--- Provided data Enclosed Below ---

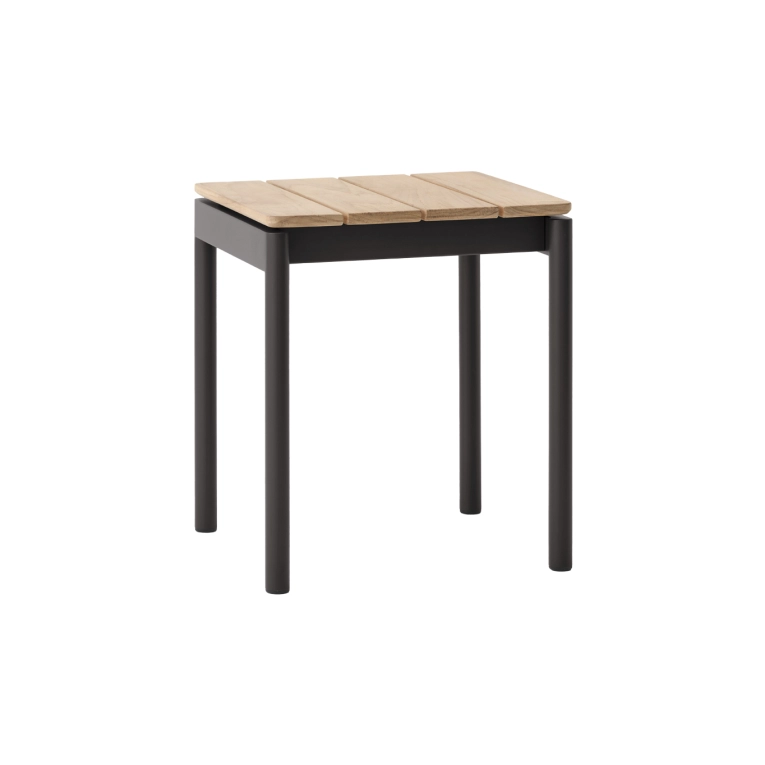 Outdoor Stool VILLE AV47 Black AND TRADITION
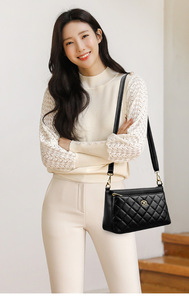 Travel Shoulder Bag Designer Cross Body Bags for Women Casual Messenger Bag PU Leather Crossbody <b>Purse</b> <b>Cute</b> Cross Handbag - Product Image 2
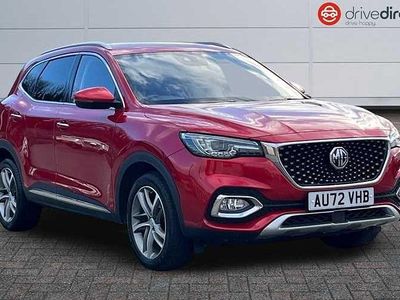 Used MG HS Exclusive 162 HP (119 kW) 2023 Red SUV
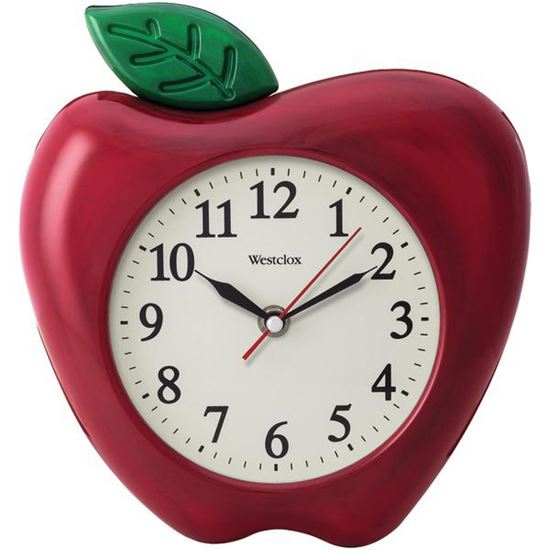 10IN 3D APPLE WALL CLOCK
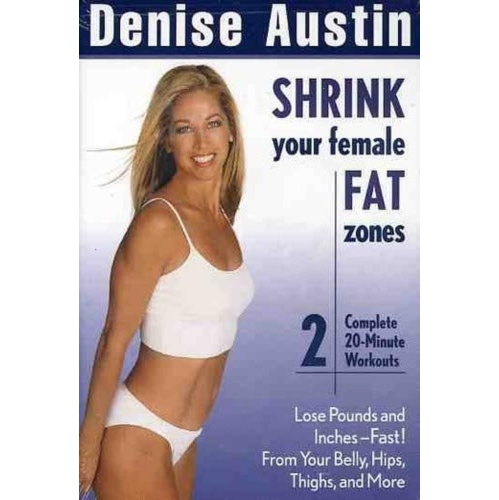 Shrink Your Female Fat Zones (DVD)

--- End of Enclosed Provided data ---

● What the task asks: Transcribe the data completely. No pictures should appear in the transcription.

● Answer:
 Outdoor Stool VILLE AV47 Black AND TRADITION
 Travel Shoulder Bag Designer Cross Body Bags for Women Casual Messenger Bag PU Leather Crossbody <b>Purse</b> <b>Cute</b> Cross Handbag - Product Image 2
 Used MG HS Exclusive 162 HP (119 kW) 2023 Red SUV
 10IN 3D APPLE WALL CLOCK
 Shrink Your Female Fat Zones (DVD)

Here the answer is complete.